MANATEE COUNTY, Fla. (WFLA) – For the third time in just one week, Florida has broken its record for new, daily COVID-19 cases.
On Friday, the state reported nearly 24,000 cases to the CDC. That’s 20% of the nation’s total for that day. Florida still accounts for one in five new cases around the country.
It also marks seventeen days in a row Florida has seen more than 10,000 new cases, and as students return to the classroom this week the dominant delta variant has some parents worried about the safety of their kids.
What to do about masks in schools has been left up in the air the past few weeks as the debate over kids wearing masks played out on the political stage, but with school starting Tuesday, the time is now for school leaders to make a decision.

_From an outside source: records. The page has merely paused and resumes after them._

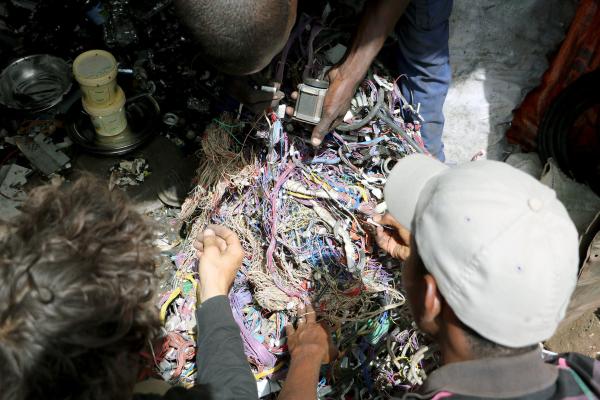 Bild 1 von 5: Abdulaye (re.) sammelt leidenschaftlich gern Elektroteile und nimmt Corentin de Chatelperron (li.) mit in das Stadtviertel Colobane, ein Recycling-Paradies.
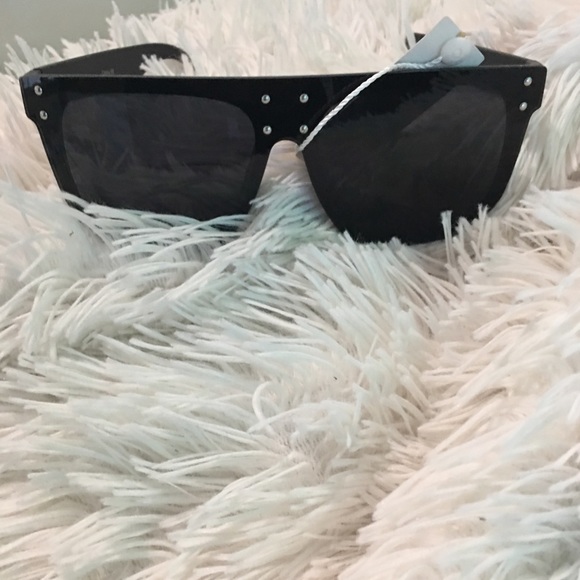 Black flat top oversized sunglasses - Picture 3 of 7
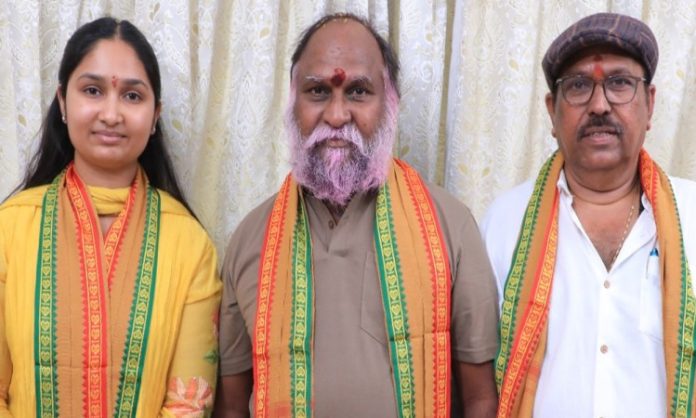 Politician Turned Actor Jaggareddy New look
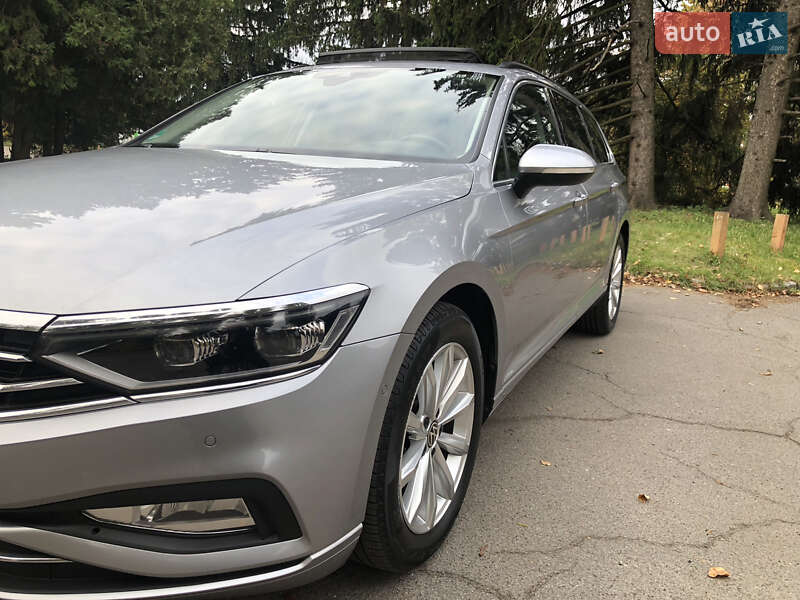 Универсал Volkswagen Passat 2020 в Киеве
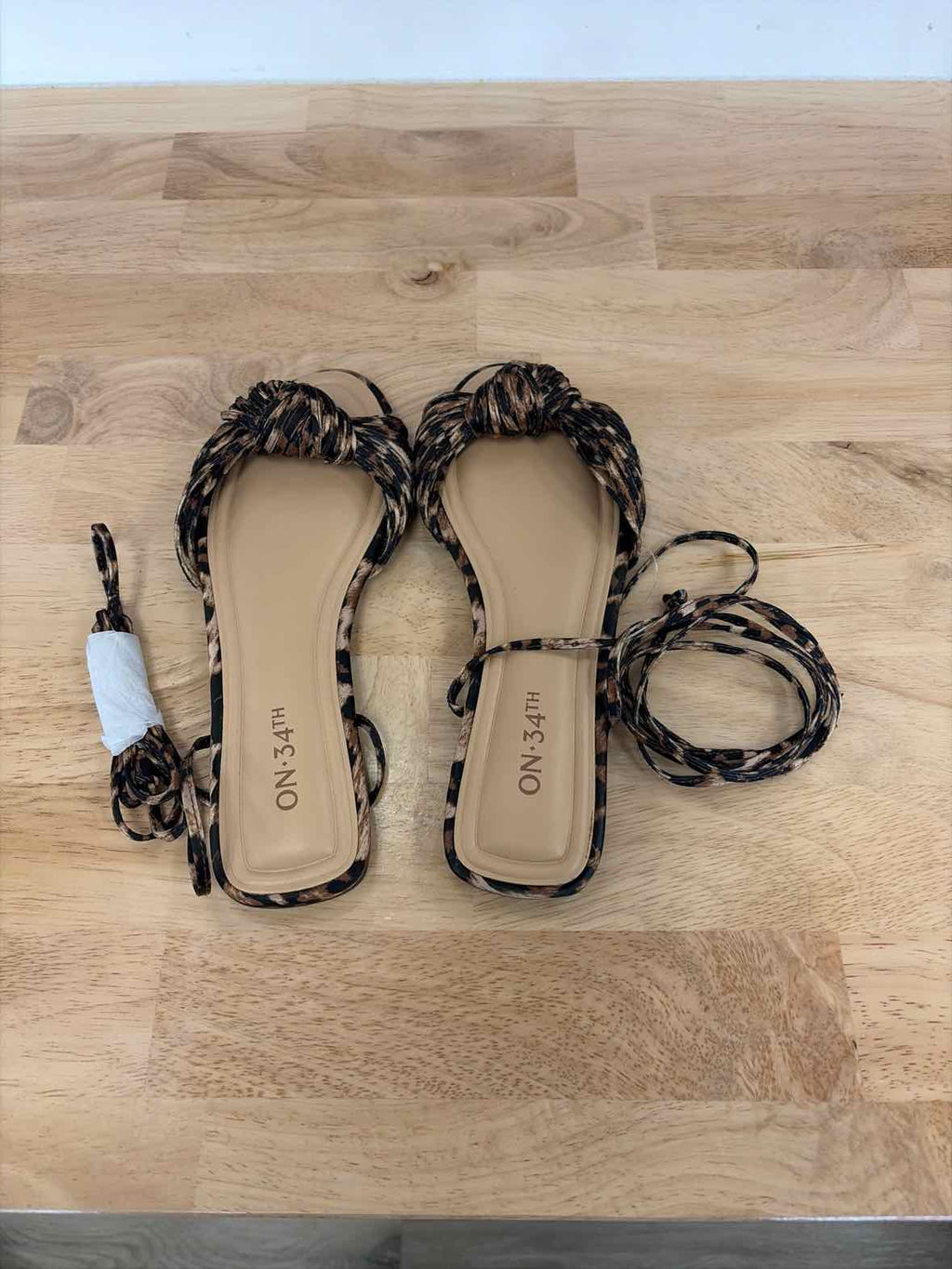 On 34th Size 6 On 34th Women's Jenniee Knot Flat Sandals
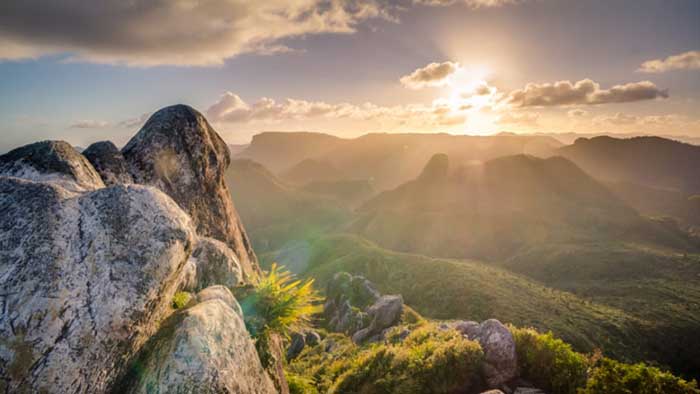 immagine simbolica del regno di dio fondato su una rocca
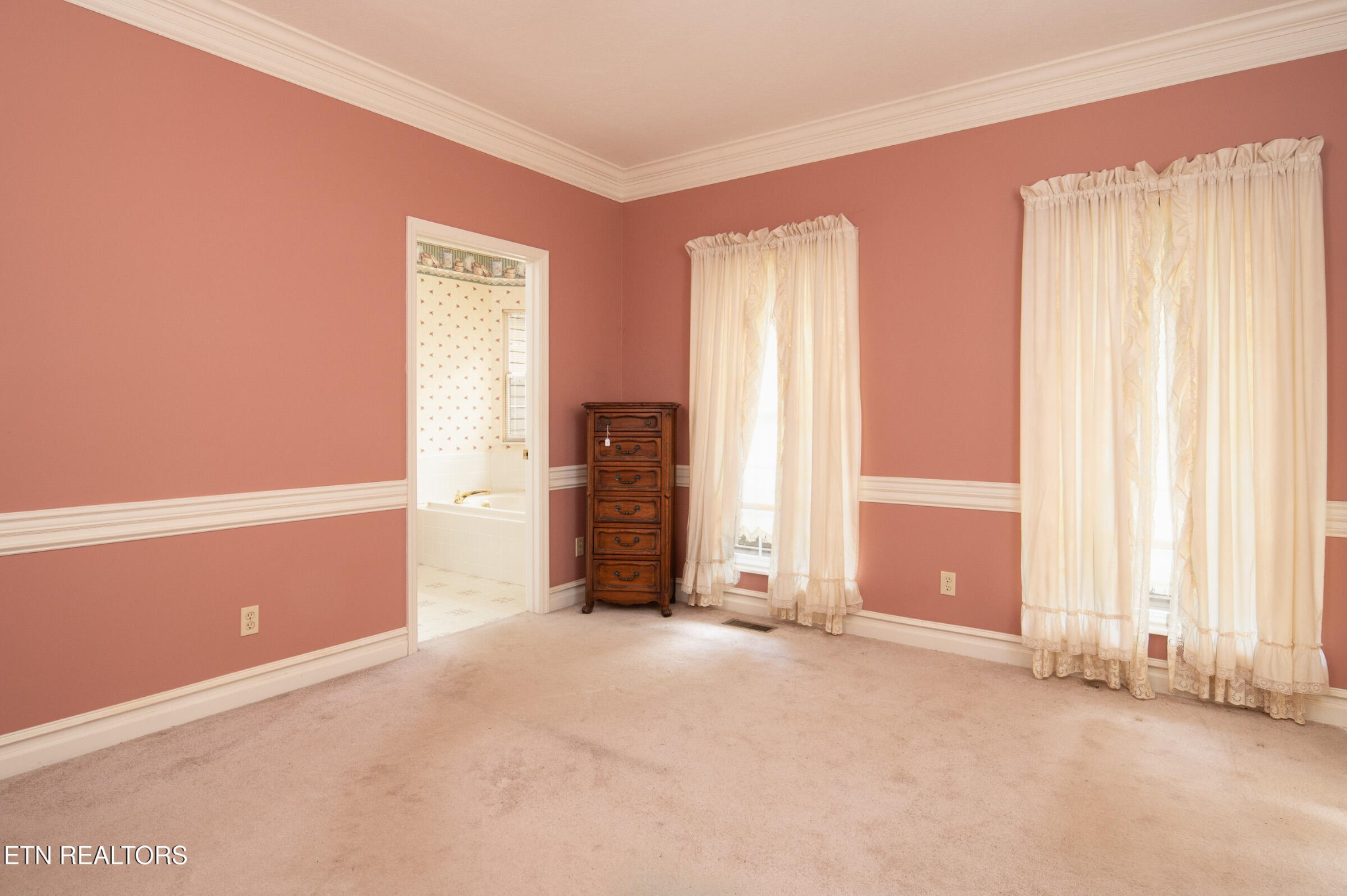 6215 Cardwell Road Corryton, TN 37721 - Photo 22 of 22 an empty room with windows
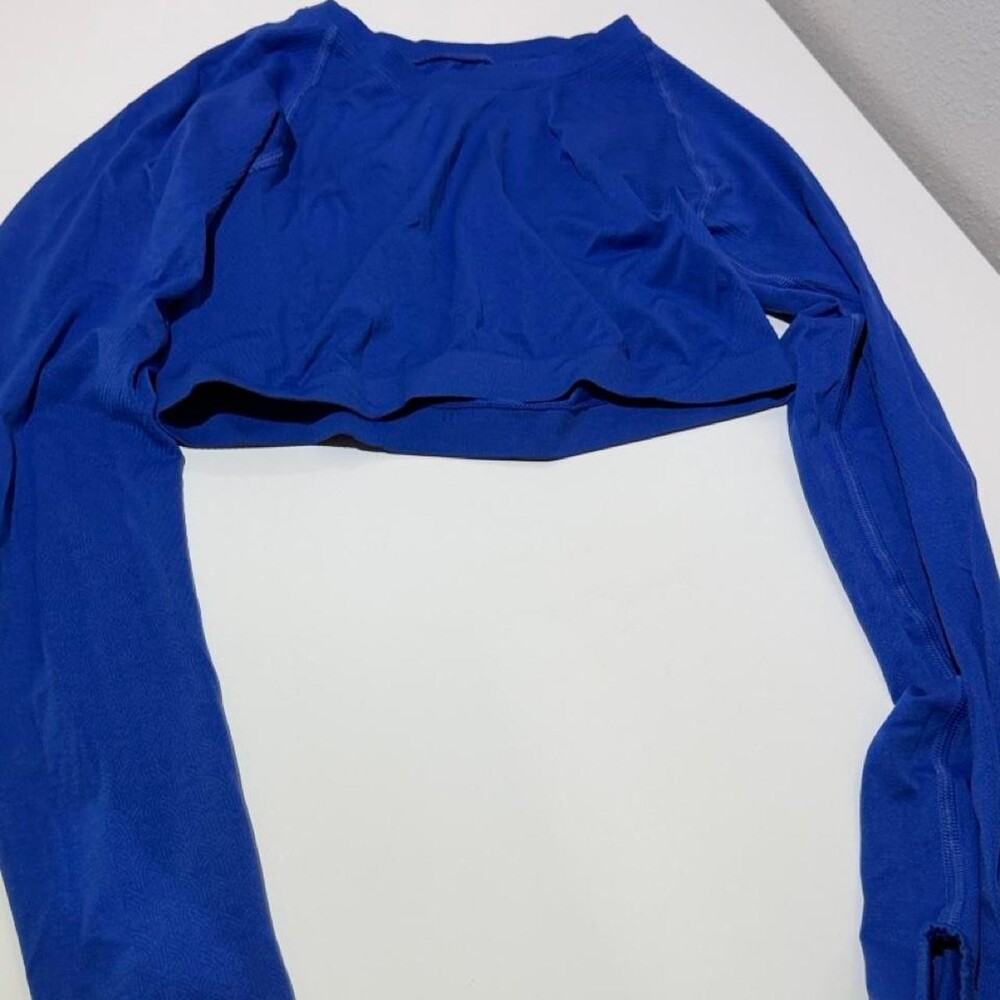Blue Alpha Ete long sleeve crop top in a M #activewear #athletic
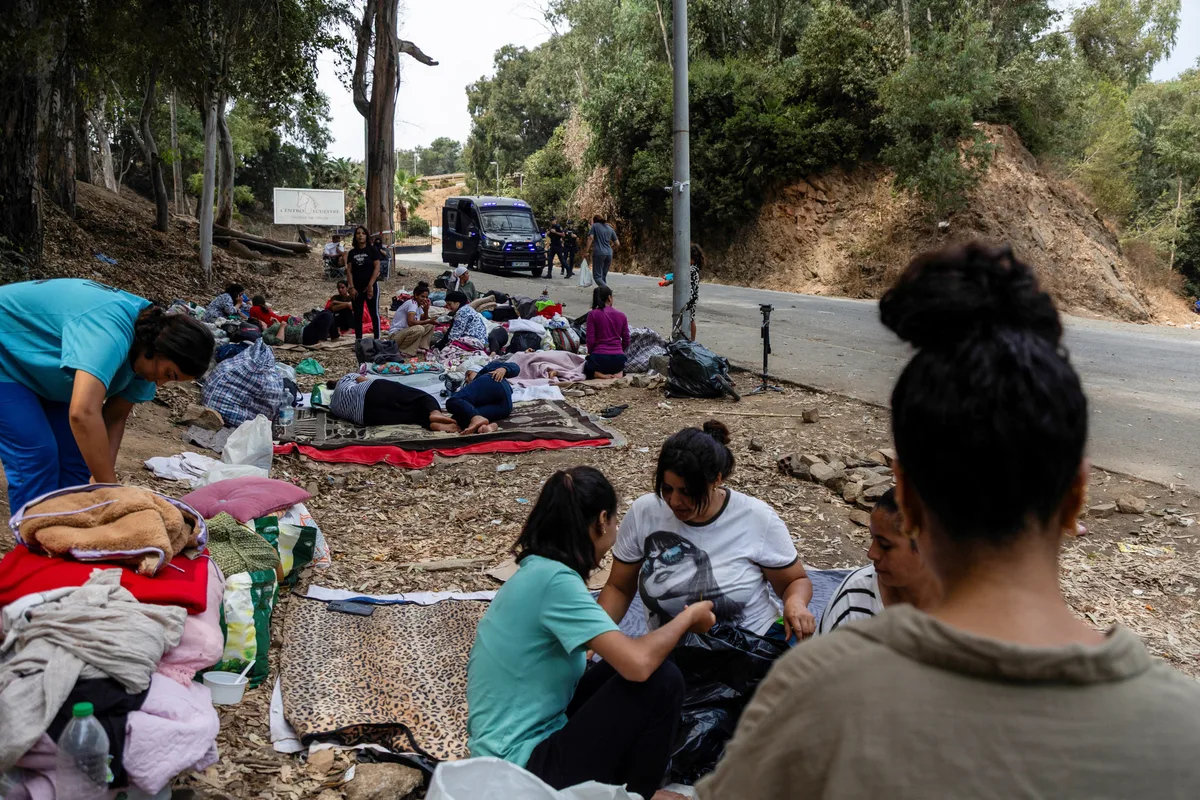 Última hora de la entrada de inmigrantes a Ceuta, en directo | El Gobierno trabaja en el traslado urgente de 500 niñas migrantes de Ceuta a la Península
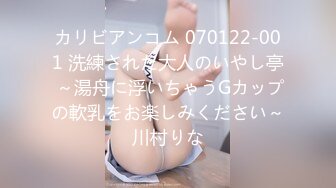 218. 日本kawaii女孩给一个手中的人穿着学校泳衣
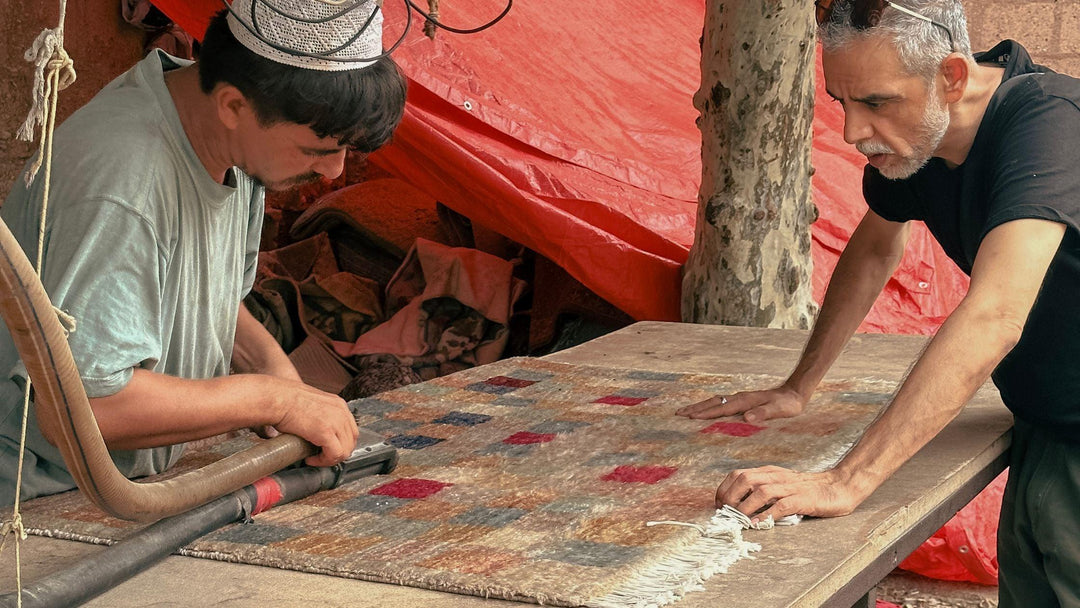 Rich History of Pakistani Rug Making - Imam Carpet Co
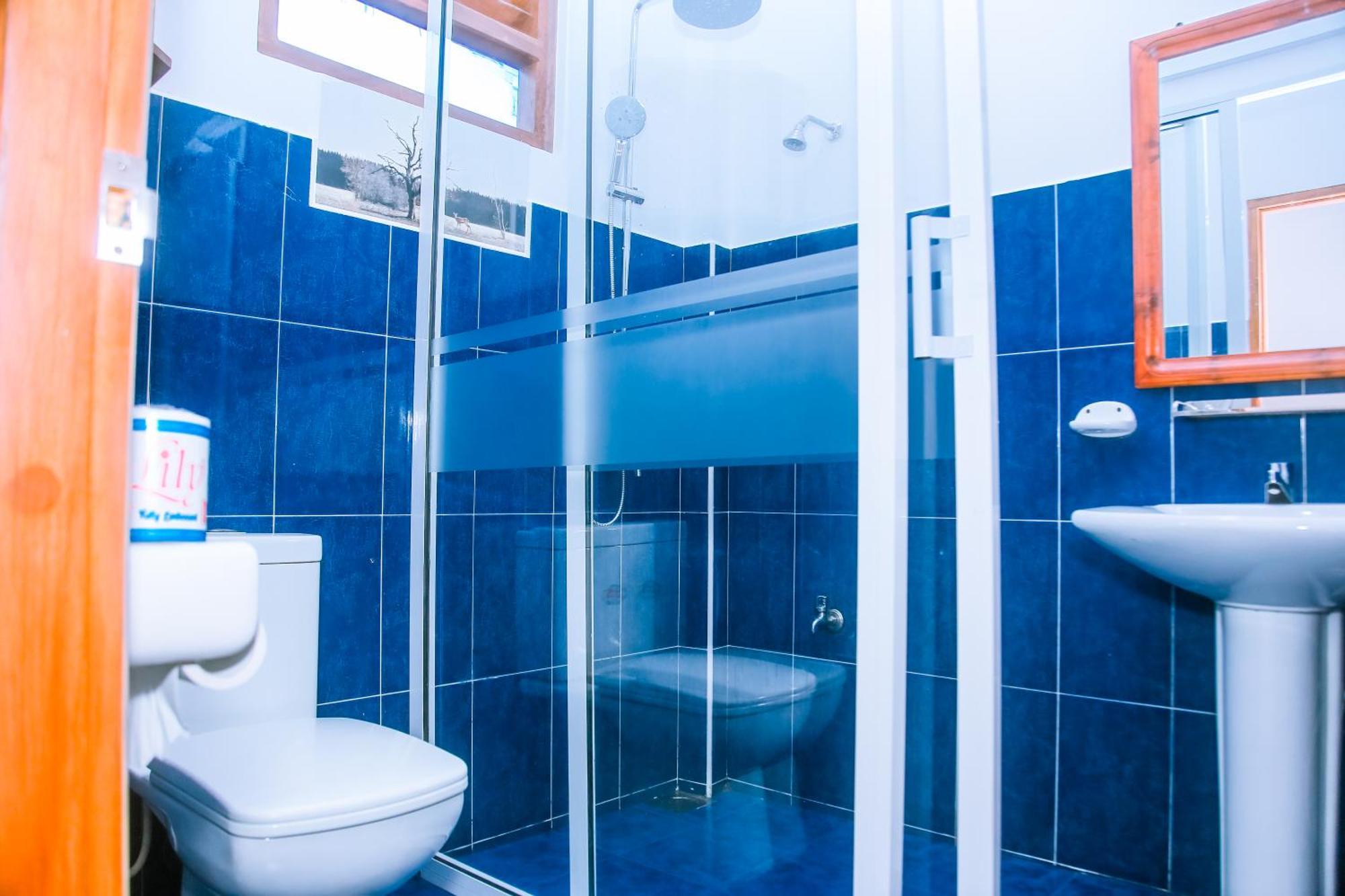 Surf Sea Breeze Hotel Мириса Екстериор снимка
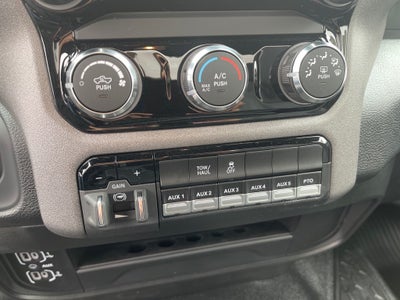 2026 RAM Ram 3500 Chassis Cab RAM 3500 TRADESMAN CHASSIS REGULAR CAB 4X4 60' CA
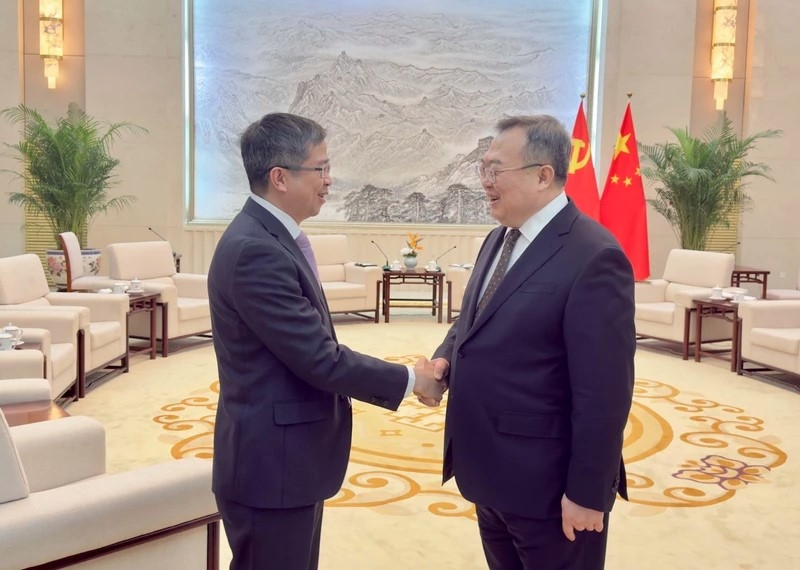 Vietnamese Ambassador to China Pham Thanh Binh (L) and Liu Jianchao, head of the International Department of the Communist Party of China Central Committee at their meeting in Beijing on February 18 (Photo: VNA)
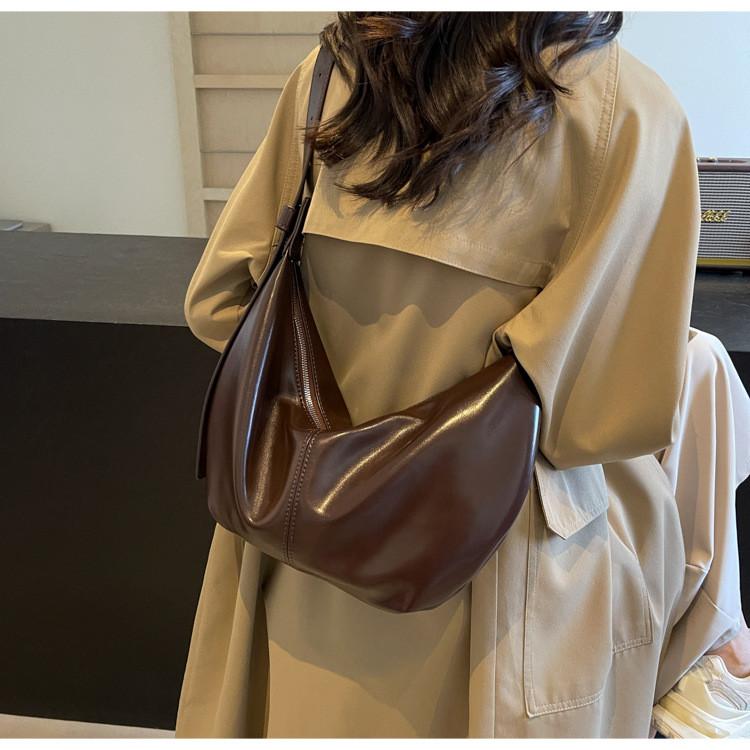 Ielgy Retro Large Capacity Tote Bag Fashion Niche Casual Pleated Commuter Dumpling Bag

While Hillsborough County is one of the first districts to finalize their mask and COVID plan for the school year, Manatee County met on Monday to discuss the matter. The district sent out surveys to parents a few weeks ago.
The results are in, and school leaders say that the recommendations from the CDC and health department will help shape their decision. For a while now, parents were left without a clue on what to do on day one.
“It’s very important I don’t want him to get sick, people are passing away from, so that’s a very big concern. There’s no age limit on this illness and who it takes out,” said Jasmine Nunez, a parent in Manatee County.
No change was made in Monday’s special meeting; schools in Manatee will open to students Tuesday with an optional mask policy. School board members are scheduled to meet again on Wednesday.
“As parents, we should have the right to choose what is best for the health and well-being of our children — not the government, not the school board, nobody needs to tell me what is right for my children,” said mother of two Julia McLaughlin.
The topic of having kids wear masks again in the classroom became taboo as politicians fight over whether it was a right for freedom or right to save children’s lives.
Gov. Ron DeSantis passed an executive order stopping schools from passing mask mandates, some districts rebelled passing them anyway, and now other districts are trying to find loopholes or gray area. Many school leaders want to protect children but not lose funding from the state for doing so.
“We know that masks don’t solve the problem, but we know that masks work,” said a nurse and mother of two in Manatee County. “We know that they mitigate the spread, we know they reduce infection and to send our children back into an environment without that in place during a pandemic is really unconscionable to me,” continued Haley Rehm.